S.F.’s Black Students Lag Far Behind Whites

Jill Tucker, San Francisco Chronicle, August 15,, 2008

San Francisco schools earned bragging rights on state standardized tests again this year—performing better than the state as a whole across every grade in both math and English—but any celebration was clouded by the subpar proficiency of the district’s African American students, who continued to fall further behind their peers.

Nearly all other categories of San Francisco students, regardless of ethnicity, income or English language ability, outscored the city’s black students in California Standards Test results posted Thursday.

On the plus side, the scores of black students did go up about 1 percentage point in math proficiency and nearly 1 percentage point in English.

But that wasn’t as much as everyone else, meaning the achievement gap in San Francisco got worse.

{snip}

The number of white students who were proficient or better in both math and English was about 50 percentage points higher than the city’s black students. In second-grade English, for example, 23 percent of blacks were proficient, compared to 74 percent of whites.

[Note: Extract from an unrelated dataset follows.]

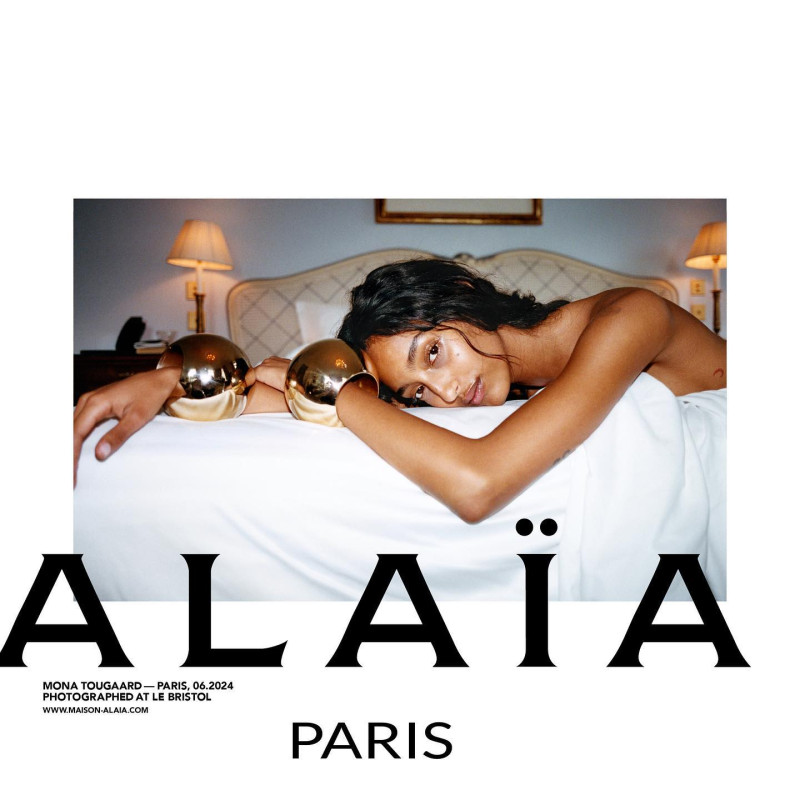 Alaia advertisement for Pre-Fall 2024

Special education students had slightly higher proficiency rates than black students in second-, third- and fourth-grade math as well as fourth-grade English.

The district tested 41,000 students, including 4,800 African Americans, in grades two through 11 in the spring.

San Francisco schools face a steep uphill battle in boosting the test results of black students, educators noted.

The test results are not surprising, said Omar Khalif, ombudsman for the city’s Juvenile Probation Department and an advocate for education and children’s issues. Khalif, who is running for a seat on the school board in November’s election, said black students often face obstacles tied to neighborhood poverty, crime and broken families.

{snip}

The San Francisco school board adopted a plan this year to identify schools where the achievement gap is widening. Those closing the gap will also be recognized and modeled.

Also, city voters in June approved a school parcel tax to raise an estimated $29 million annually, boosting teacher salaries, training staff on the needs of disadvantaged students, and providing incentives to teach in hard-to-staff schools—where students are more often than not black, Hispanic and poor.